Reading time: About 7 minutes
Quote
“I find that all you have to do to get ahead in life is to be non idiotic and live a long time. It's harder to be non idiotic than most people think.” - Charlie Munger
Mental Model
The Map is not the territory
This is a mental model from the discipline of general semantics. I have already written about this before, but I believe I can do a better job in writing about this idea.
This is a picture of the world map. Now of course when we see the map we know that the picture does not actually show the real size of the country. But looking at this map we do make observations which might not be true. If I see Greenland here I might argue that it is bigger than USA. But in reality it is 20% of USA.
Korzybski wrote,
A.) A map may have a structure similar or dissimilar to the structure of the territory.
B.) Two similar structures have similar ‘logical’ characteristics. Thus, if in a correct map, Dresden is given as between Paris and Warsaw, a similar relation is found in the actual territory.
C.) A map is not the actual territory.
D.) An ideal map would contain the map of the map, the map of the map of the map, etc., endlessly…We may call this characteristic self-reflexiveness.
Basically ‘maps’ can be considered as the anything. These things are nothing but abstractions. That’s the most important thing to understand. Our understanding of the map is an abstraction.

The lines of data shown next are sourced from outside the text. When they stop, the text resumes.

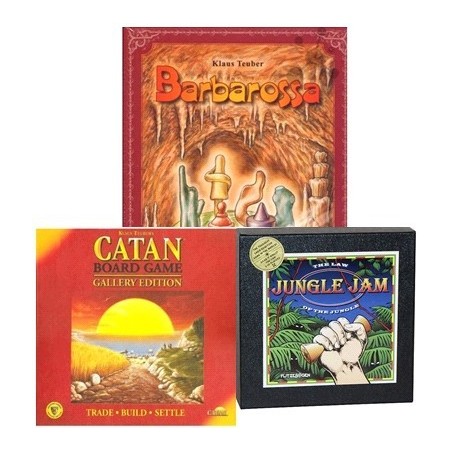 BUNDLE Family I coloni di Catan (gallery edition)  + Barbarossa + Jungle Jam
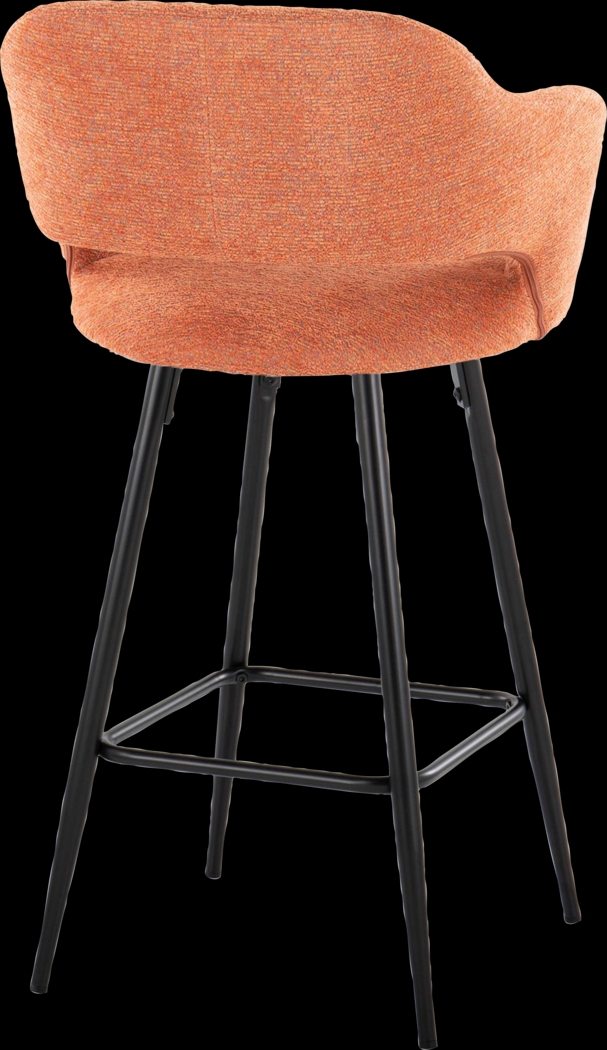 Jouett Orange Counter Height Stool, Set of 2 - Thumbnail - Image 5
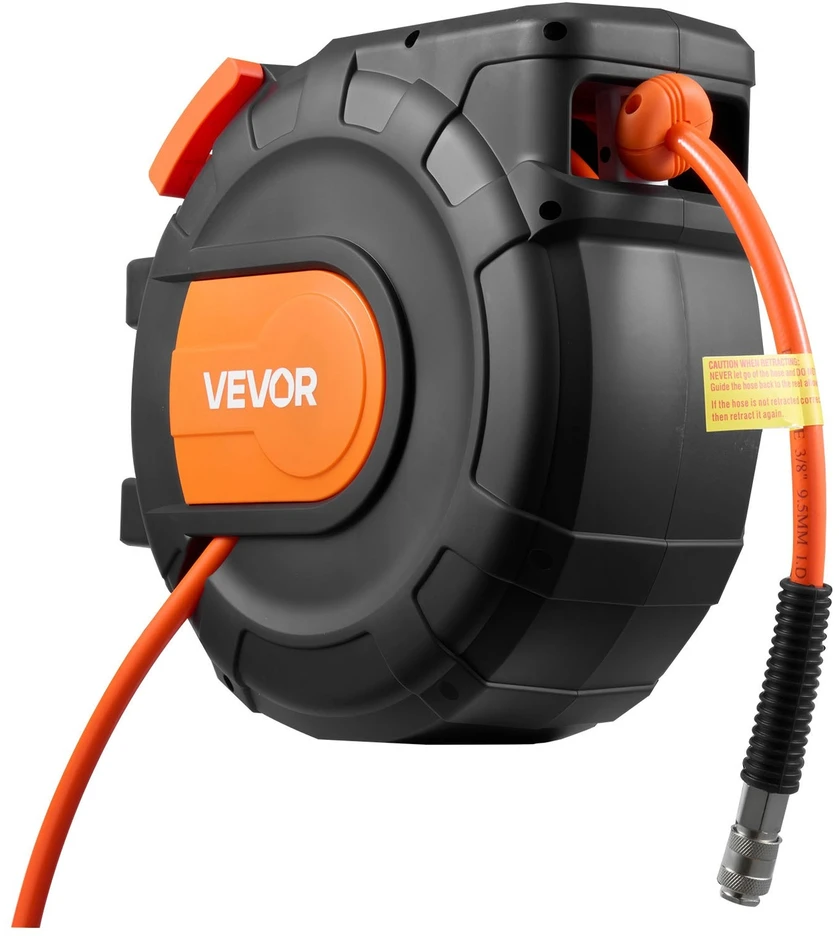 VEVOR Ištraukiama oro žarnos ritė, 15 m, 300 PSI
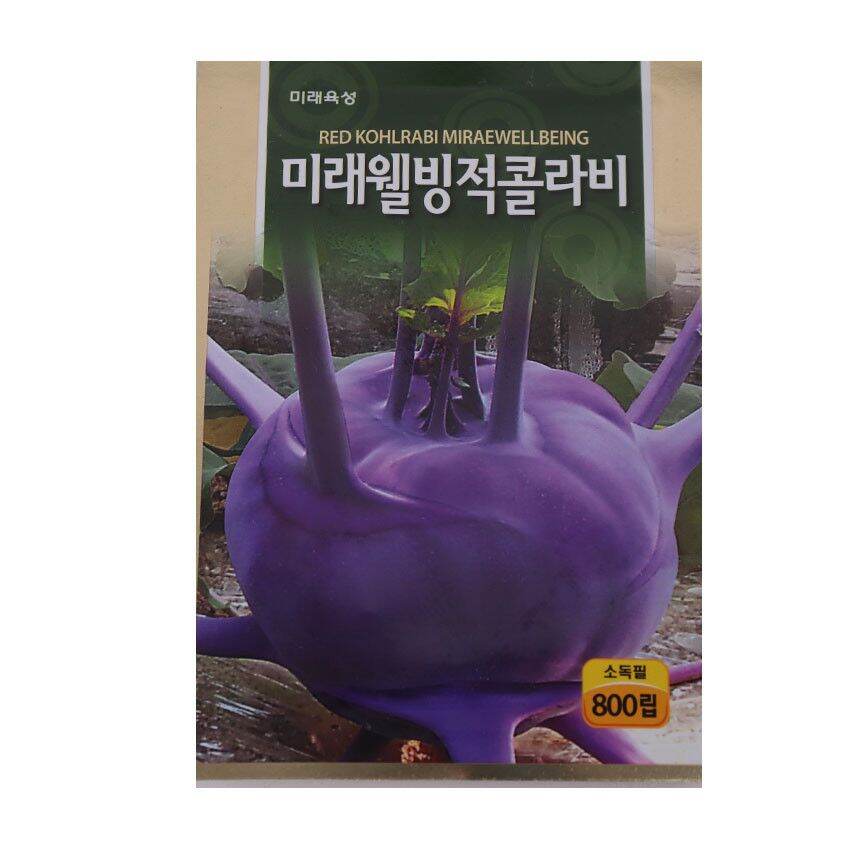 1000Hạt- Hạt Giống Su Hào Tím Hàn Quốc zin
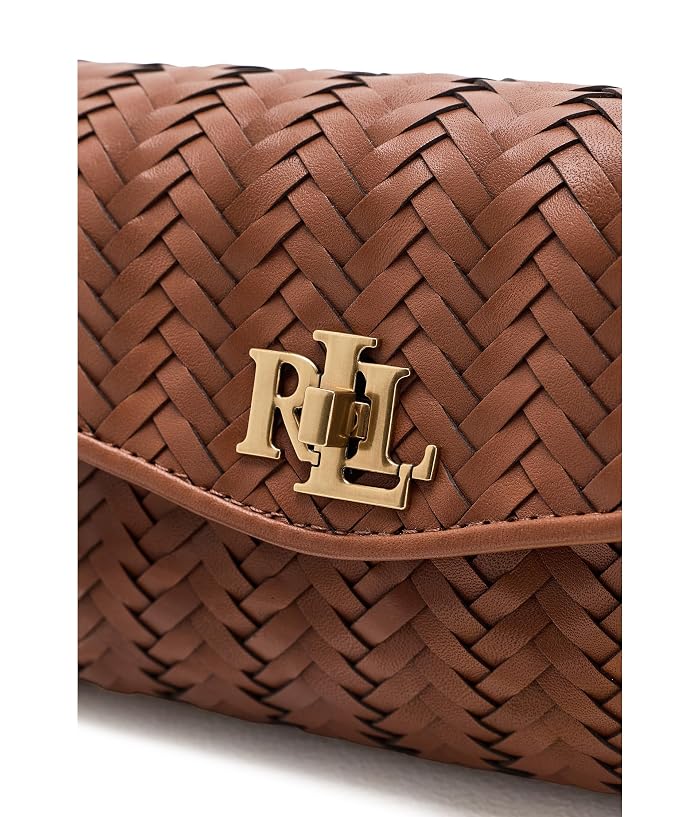 Lauren Ralph Lauren Woven Leather Tanner Crossbody Wallet - Image 3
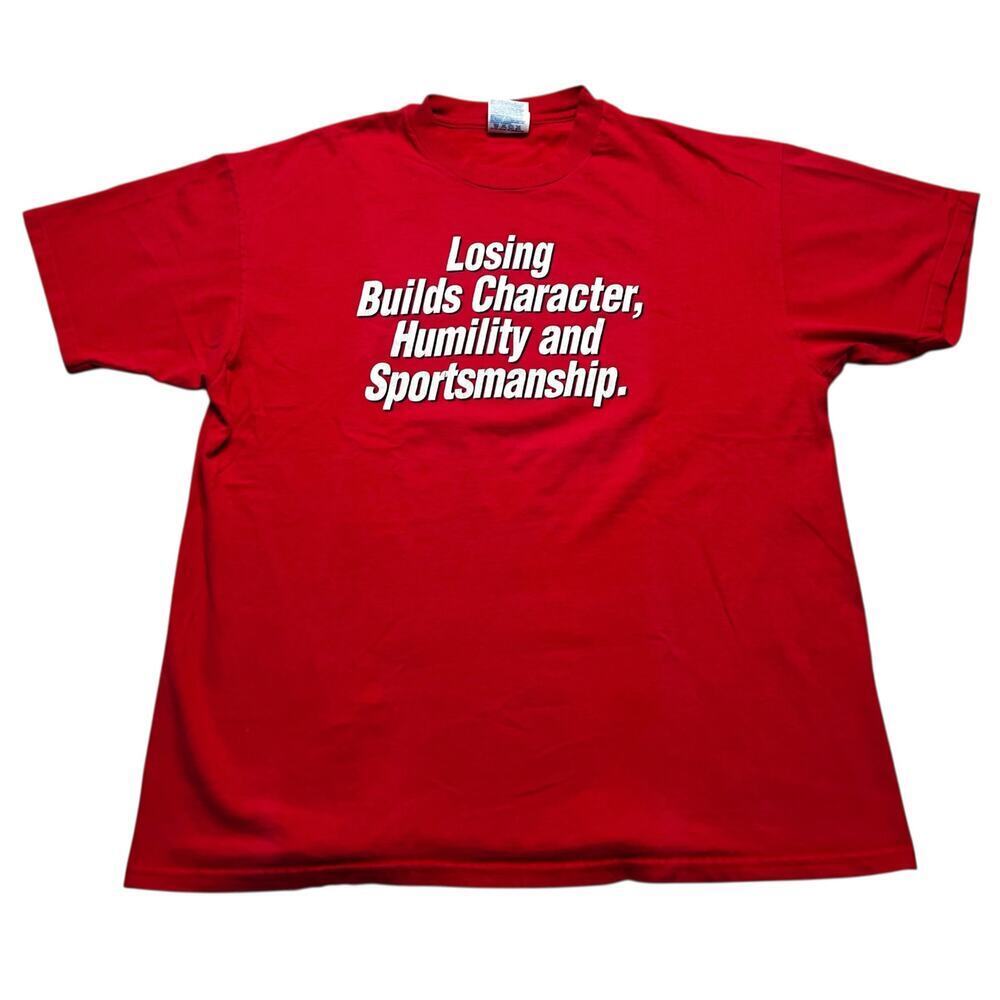 Vintage Y2K Honda Racing “ Honda builds Champions”Short Sleeve T-Shirt Red Sz XL
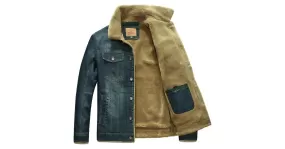 Veste en jean avec doublure pour homme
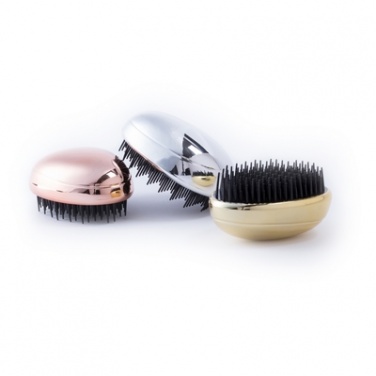 Logotrade promotional merchandise image of: Anti-tangle hairbrush, Golden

“Even the best and most useful maps suffer from limitations, and Korzybski gives us a few to explore: (A.) The map could be incorrect without us realizing it; (B.) The map is, by necessity, a reduction of the actual thing, a process in which you lose certain important information; and (C.) A map needs interpretation, a process that can cause major errors. (The only way to solve the last would be an endless chain of maps of maps, which he called self-reflexiveness.)” - Farnam Street
This image is very fascinating. Imagine that you are seeing a tube light in your room. Now your first inference will probably be how big the tube light is and how bright the light is. You have missed out on a lot of things about the tube light. You missed out on the wiring which is seeping out, the brand name which is slightly written behind, etc.

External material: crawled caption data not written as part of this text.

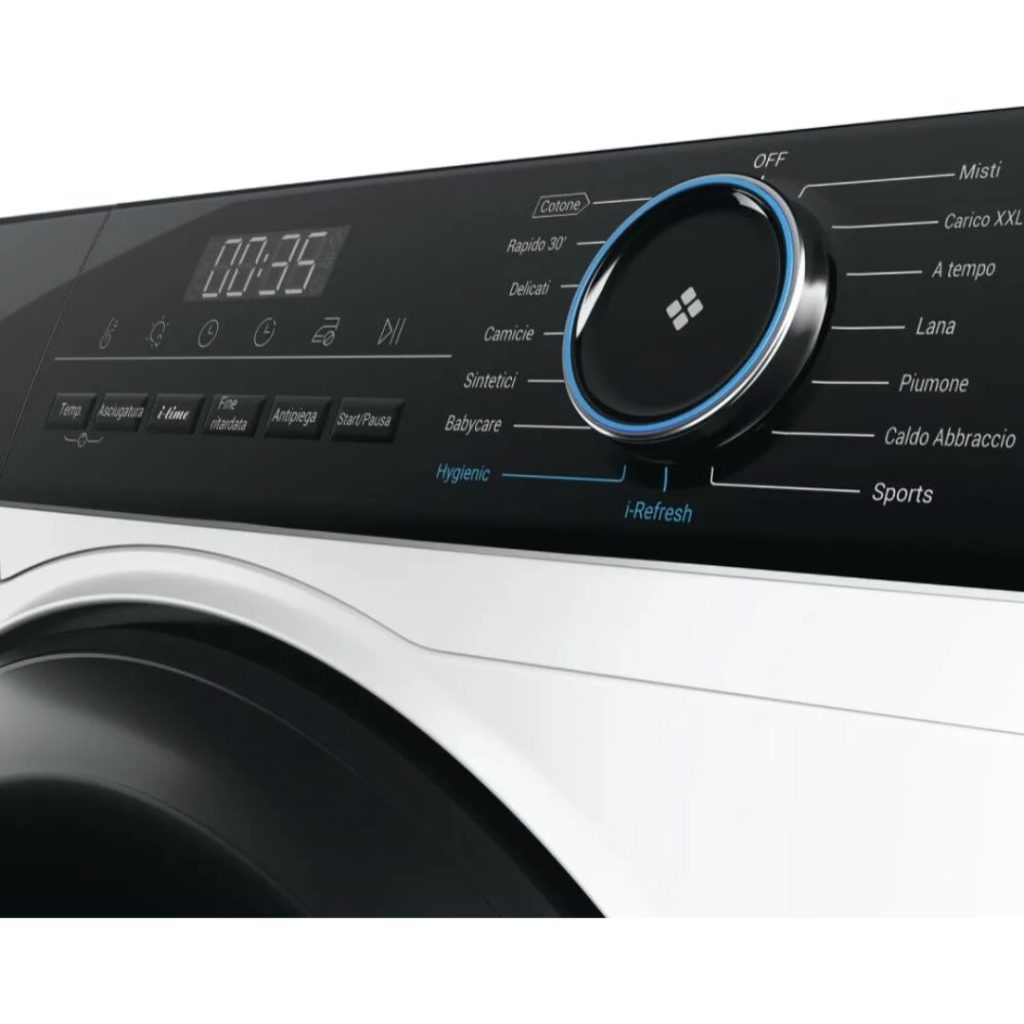 Haier Asciugatrice 9 Kg Classe A+++ con Pompa di Calore Profondità 66,5 cm Inverter Vapore I-Refresh colore Bianco e Nero - HD90 A3939 IT
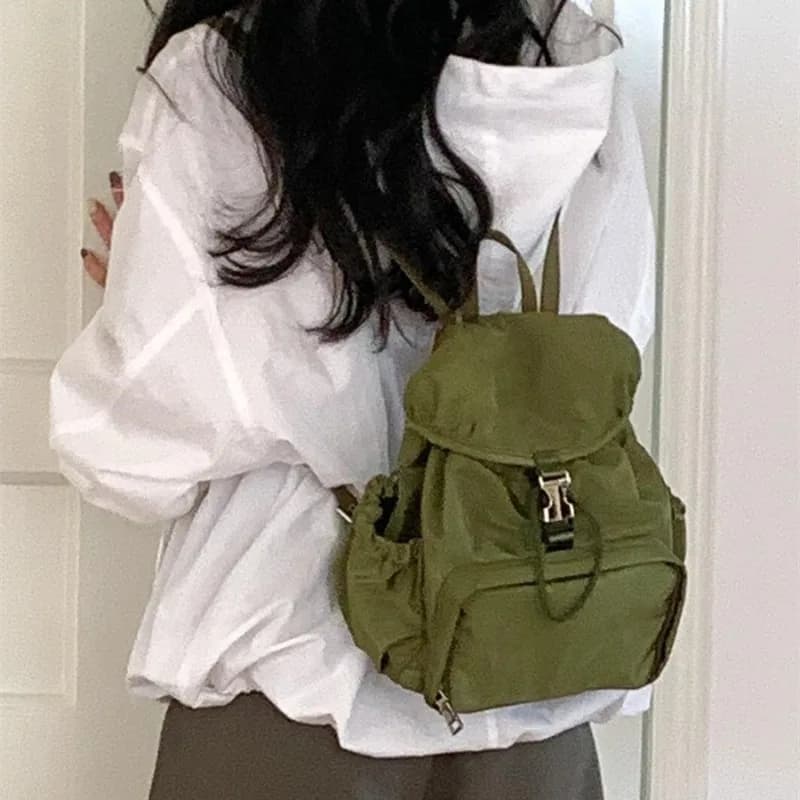 Borsa a tracolla alla moda in nylon Nuovo zaino per studenti semplice e casual Zaino per pendolarismo quotidiano in stile college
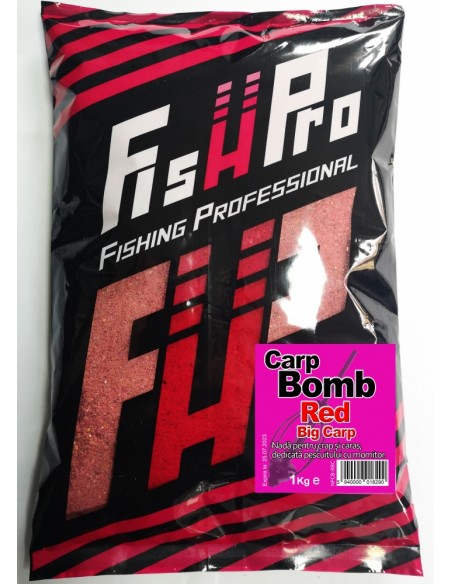 Nada Fish Pro Carp Bomb, Red Big Carp, 1kg Nada Fish Pro Carp Bomb, Red Big Carp, 1kg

Basically all the information that is out there our inference of it is not the entire one. The ‘map is not the territory’. We see things but we generally don’t fully notice or understand them.
We also use a lot of different maps for different things which don’t necessarily apply in different circumstances.
In Business
Here is a very good example from Farnam Street,
By most accounts, Ron Johnson was one the most successful and desirable retail executives by the summer of 2011. Not only was he handpicked by Steve Jobs to build the Apple Stores, a venture which had itself come under major scrutiny – one retort printed in Bloomberg magazine: “I give them two years before they’re turning out the lights on a very painful and expensive mistake” – but he had been credited with playing a major role in turning Target from a K-Mart look-alike into the trendy-but-cheap Tar-zhey by the late 1990s and early 2000s.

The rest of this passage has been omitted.